Şimdi misaldeki sembollerin manasına bakalım, o okyanus kâinattır, hazineler ise eşyanın hakikatı, mahiyeti ve neden ibaret olduğudur. “Hakiki hakâik-i eşya esmâ-i İlâhiyedir.” buyruluyor.
“Esmâ-i hüsnânın tenâsüb ve iktizası üzerine hakâik-i âliye-i İlâhiyedeki müvazeneyi mürâat etmesidir.”
Buna göre, eşyadaki tenasüb o eşyada tecelli eden İlâhi hakikatlerdeki tenasübden, muvazeneden kaynaklanıyor. Örnek olarak kendi simamıza bakalım. Gözümüzün hakikati Basir ismine, işitmemizin hakikati Semi’ ismine dayanır. Bu isimler arasındaki yakın ilgi, gözle kulak arasındaki yardımlaşma olarak kendini göstermiş bulunuyor. “Bir göz nasıl olmalı ki görme fonksiyonunu en faydalı şekilde icra etsin?” sorusunun cevabı Hakîm ve Alîm isimlerinin tecellileriyle verilmiş ve gözümüz sonsuz ilim ve hikmetle en güzel şekilde yaratılmıştır.
O gavvaslar yani dalgıçlar ise kâinat ve muhteviyatı olan eşyanın manalarını okumaya çalışan felsefi ekollerdir; ellerindeki cevher parçaları ise her bir ekolun bir hakikatın ucunu görmesidir. Sair dalgıçların elindeki cevheri inkâr etmesi ya da tebei görmesi ise, ekoller arasındaki ihatasızlıktan ve acizlikten gelen fikri çatışmalardır. Her felsefi ekolün diğerine tepki ya da anti tez olarak ortaya çıkması buna şahittir.
Gözü açık olarak ve ihata ile kâinatın bütün hazinelerini hâl ve keşf eden dalgıç misali ise, vahye yani kâinatın banisi olan Cenab-ı Hakk'ın ilm-i ezelisini temsil eden Kur’ân-ı Mucizü'l-Beyana işarettir.
Evet, felsefe âleminde görünmeyen insicam, ihata, ahenk, isabet, üstün ve kolay anlaşılır ifade tarzı ve daha sayamadığımız çok mucizevî vasıflar Kur’ân'da mevcuttur. Yani tevhide getirilen bütün deliller, latif olsun kesif olsun, hepsi Kur’ân'da mevcuttur.
Meşhur belagat âlimlerinden Cahız, Cürcani, Sekkaki, Zemahşeri gibi büyük zâtlar, Kur’ân'ın bu üstün vasıflarını ilmi delilleri ile eserlerinde izah ve ispat etmişlerdir.

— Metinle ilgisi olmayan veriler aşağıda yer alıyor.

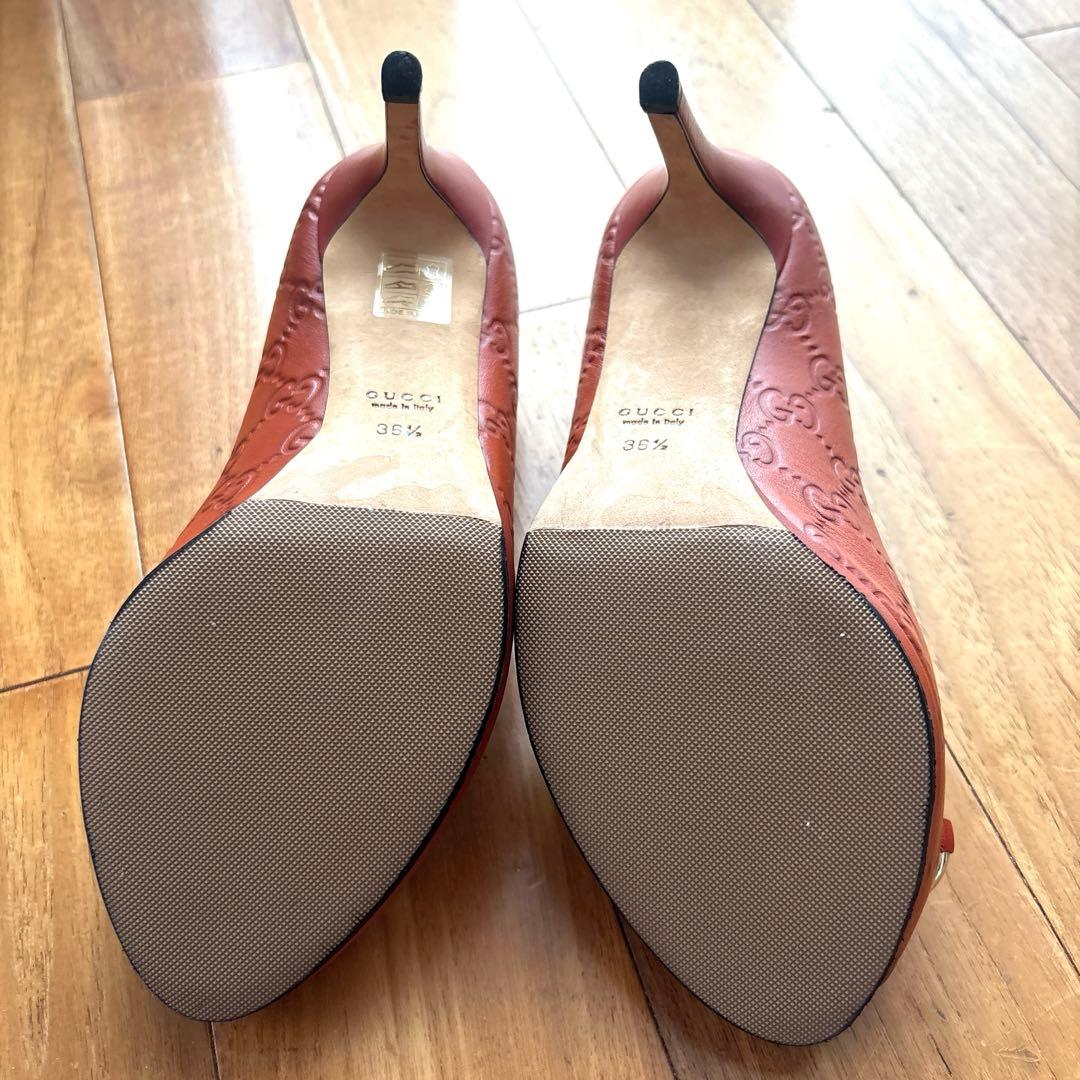 【ナビ】【GUCCI】グッチ パンプス 36 1/2 オープントゥ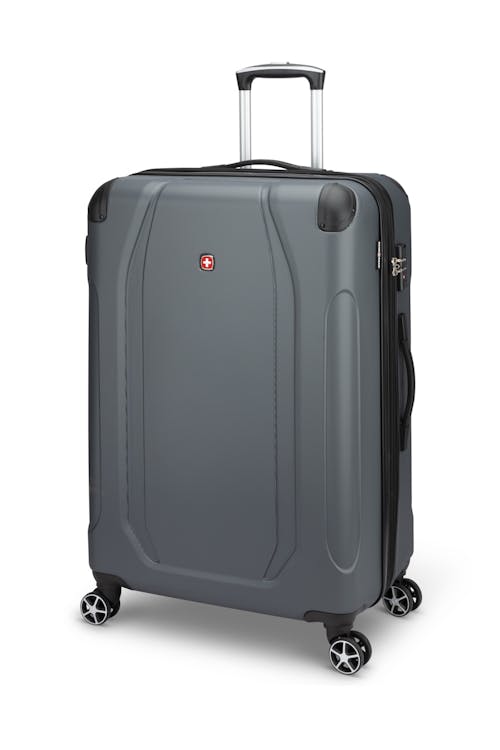 Swissgear Collection de bagages Central Lite - Valise rigide extensible de 28 po - Charbon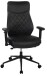 Bürostuhl >Homepro< Rautensteppung, schwarz, Mikrofaser - 67x109x67cm (BxHxT)
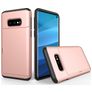 Mobigear Card Samsung Galaxy S10e Hardcase Backcover Shockproof mit Kartenfach - Roségold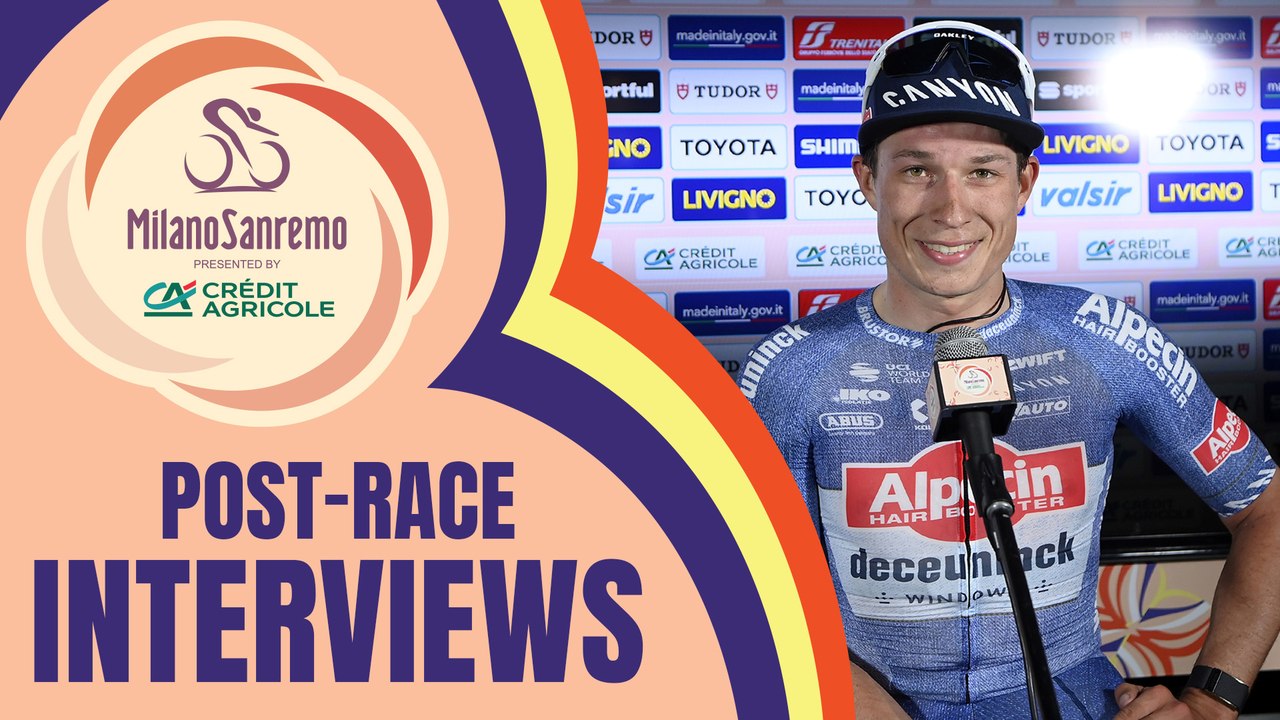 Milano-Sanremo 2024 | Post-race interviews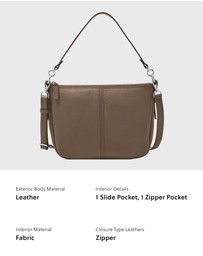 Fossil - Jolie Grey Crossbody Bag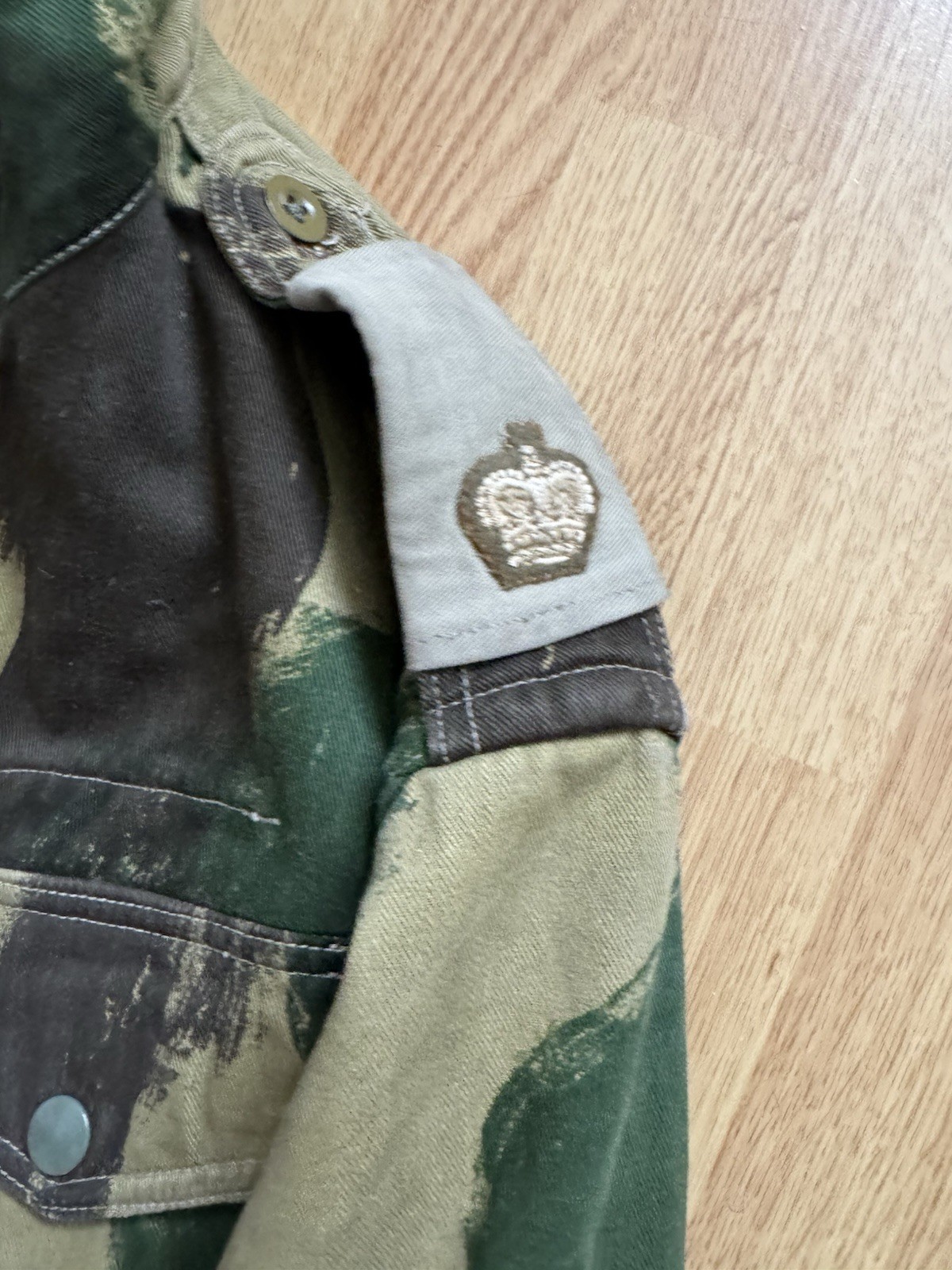 Genuine 1959 Pattern Denison Smock Major Rank & Wings Airborne Parachute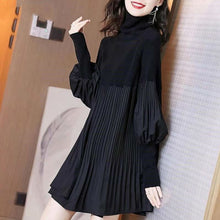 画像をギャラリービューアに読み込む, 2COLORS秋冬無地着痩せゆるリラックスランタンスリーブワンピース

Mesela, kâinatın mebde-i hilkatinden bahis açtığında dünyanın cüzi ahvaline, oradan arşa, oradan ebed yurduna, oradan Zat-ı Akdes’e ait ulvî hakikatleri ifade ederek her şeye olan ihatasını göstermiş ve delillerin bütün aksamını ve safhalarını insanlığa ders vermiştir.

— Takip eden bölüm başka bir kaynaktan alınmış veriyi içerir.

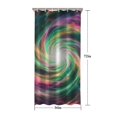 thumbnail image 5 of Colorful Spiral Pattern Shower Curtain 36"x72" ,Bathroom Decorative Shower Curtains Set with 12 Hooks,Modern Waterproof Washable Shower Curtain, 5 of 6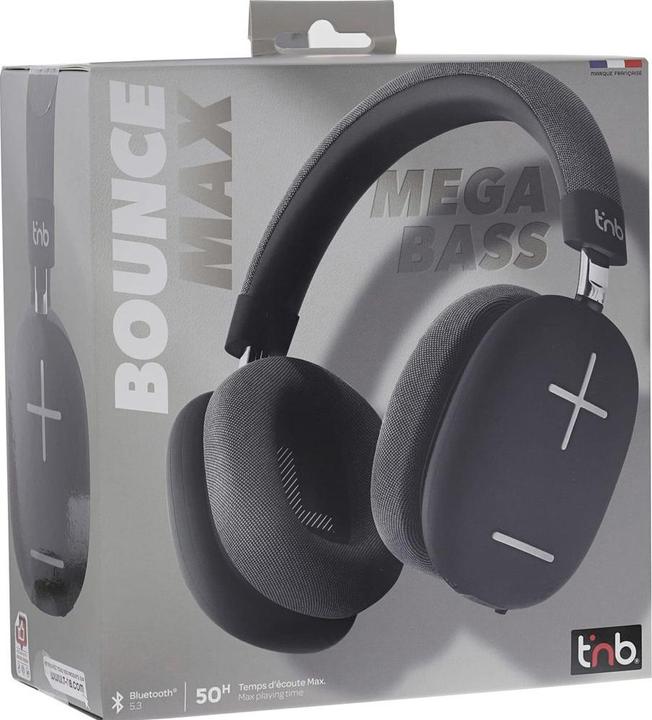 Produktbild T'nB Casque Micro Bluetooth Bounce Max (Noir) (ANC, 50 h, Kabelgebunden)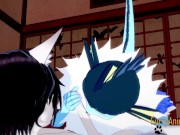 Pokemon Hentai - Vaporeon Handjob and blowjob 9/16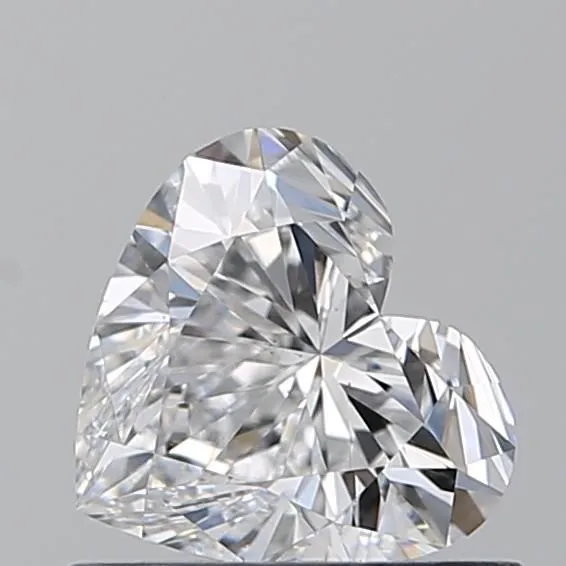 0.70ct HEART D VS2 Natural diamond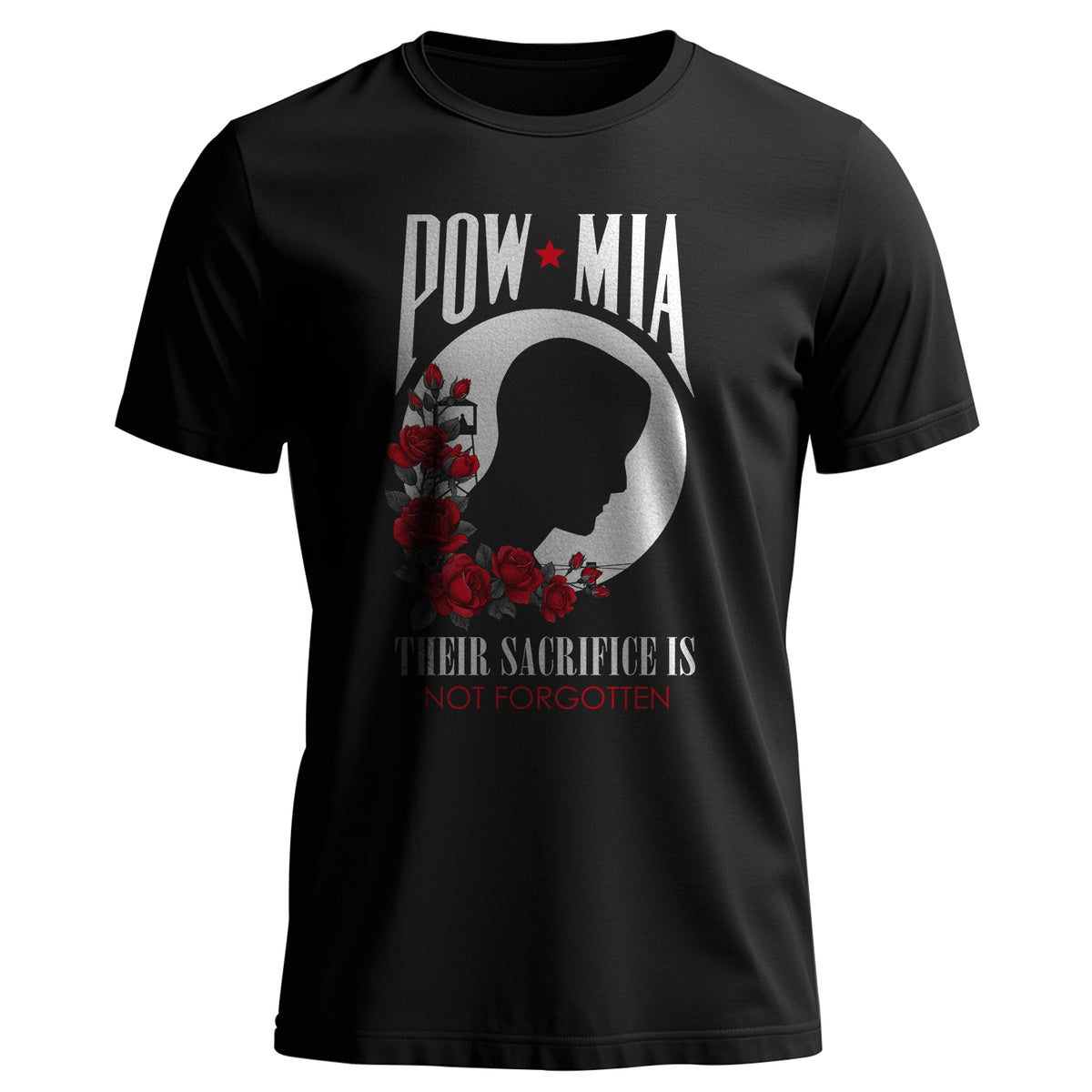 POW MIA Their Sacrifice Is Not Forgotten T-Shirt Main image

"Hem hilkat-ı insaniyenin ve hadsiz enva-ı nimetin icadındaki gayelerin tezahür ettiği yerleri, menşeleri olan zîhayatların cüz'iyatındaki ahval ve semeratı ve neticeleri başka ellere havalenin hiçbir cihet-i imkânı yoktur. Meselâ, bir zîhayat, cüz'î bir şifası veya bir rızkı veya bir hidayeti için Cenâb-ı Hakk'tan başkasına hakikî minnettar olmak ve başkasına perestişkârâne medih ve senâ etmek, rububiyetin azametine dokunur ve ulûhiyetin kibriyasına ilişir ve mâbudiyet-i mutlakanın haysiyetine dokundurur, celâlini müteessir eder."(4)

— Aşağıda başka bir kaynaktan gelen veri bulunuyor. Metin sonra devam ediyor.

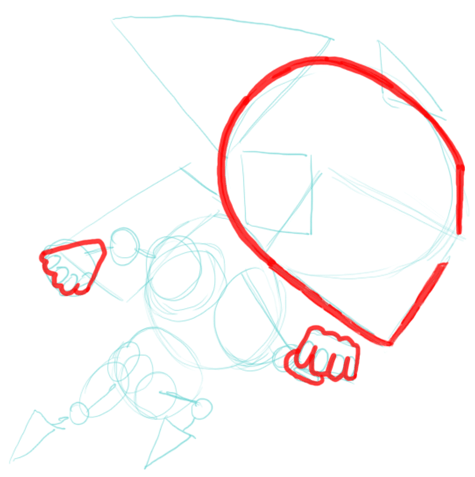 5 Step 5 Drawing Gravity Guy in Easy Steps Lesson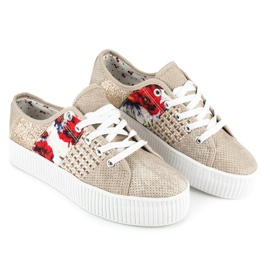 Kylie Sneakers da donna sulla piattaforma marrone 1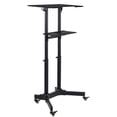 thumbnail image 1 of Mount-it! Mobile Standing Height Adjustable Desk, Black Portable Lectern, 1 of 6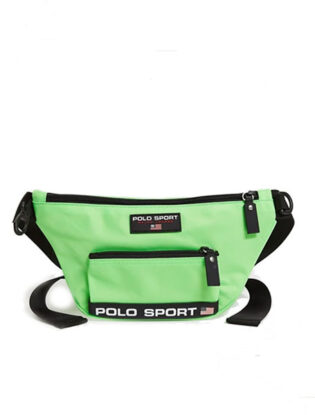 Polo Ralph Lauren Sport Bum Bag In Neon Green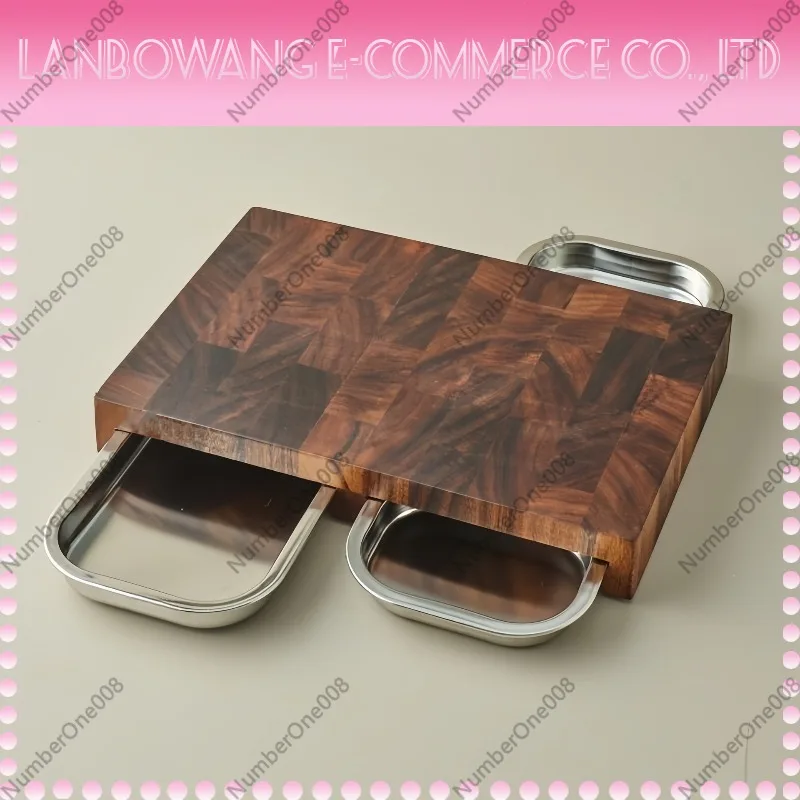Walnut Cutting Board with Stai - Wooden Serving Tray ulasan dan harga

Mesela, buradaki rızık; su ve akıl gibi bir delil iken, şifa; hava ve kalp gibi bir delildir; hidayet ise; hava ve ruh gibi bir delildir. Rızık kesif, şifa yarı şeffaf, hidayet nuranî bir delil oluyor.
Dipnotlar:
(1) bk. Mesnevî-i Nuriye, Katre.
(2) bk. Mektubat, Yirmi Dokuzuncu Mektup, Dokuzuncu Kısım.
(3) bk. Lem'alar, On Dördüncü Lem'anın İkinci Makamı.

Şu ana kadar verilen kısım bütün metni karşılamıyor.